> [What to produce] Quote the listing in full, exactly as given, minus any pictures.

> [Dataset section]
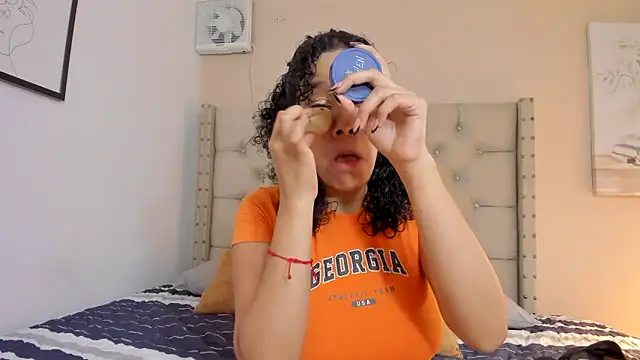 vanesasexyhot21 online show from 3, 4, 2026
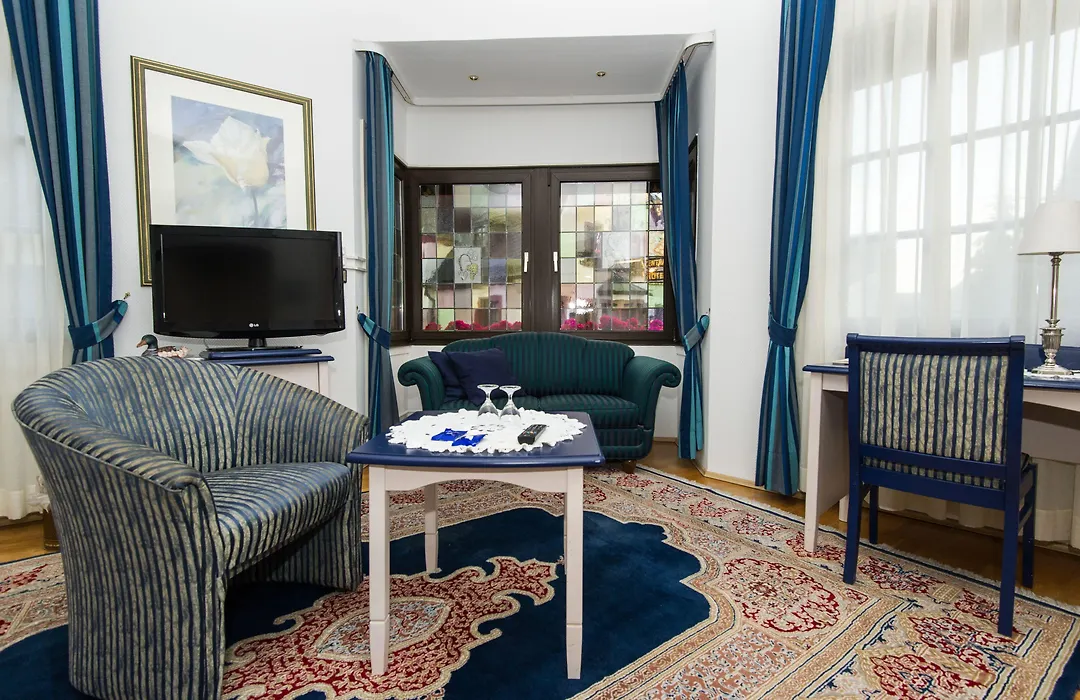 Hotel Trapp-1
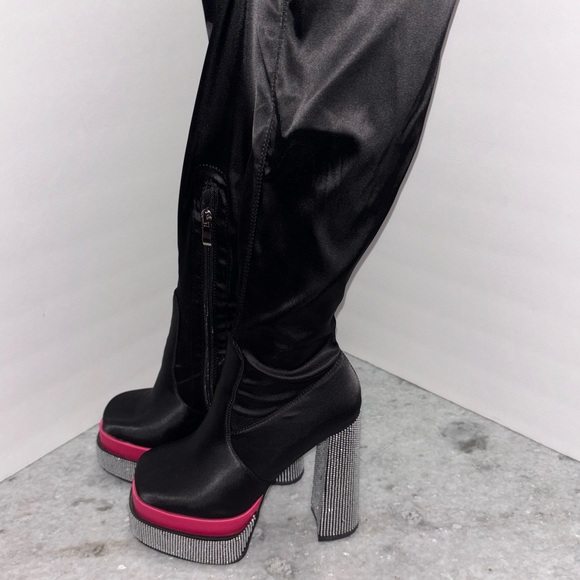 AZALEA WANG Name Your Price Chunky Boot - Picture 3 of 7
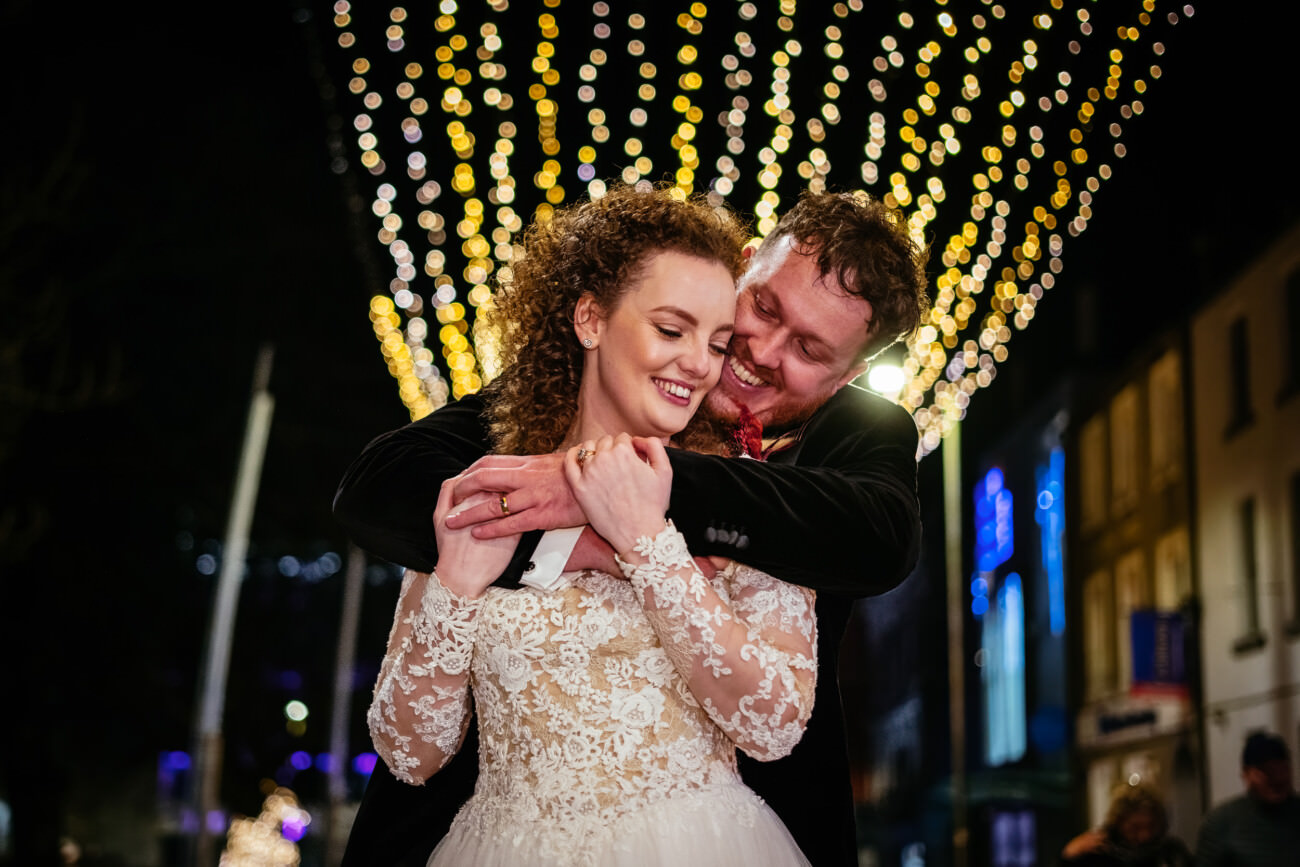 Christmas Wedding in UCG 158 Christmas Wedding in UCG 154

> [Your response]
 vanesasexyhot21 online show from 3, 4, 2026
 Hotel Trapp-1
 AZALEA WANG Name Your Price Chunky Boot - Picture 3 of 7
 Christmas Wedding in UCG 158 Christmas Wedding in UCG 154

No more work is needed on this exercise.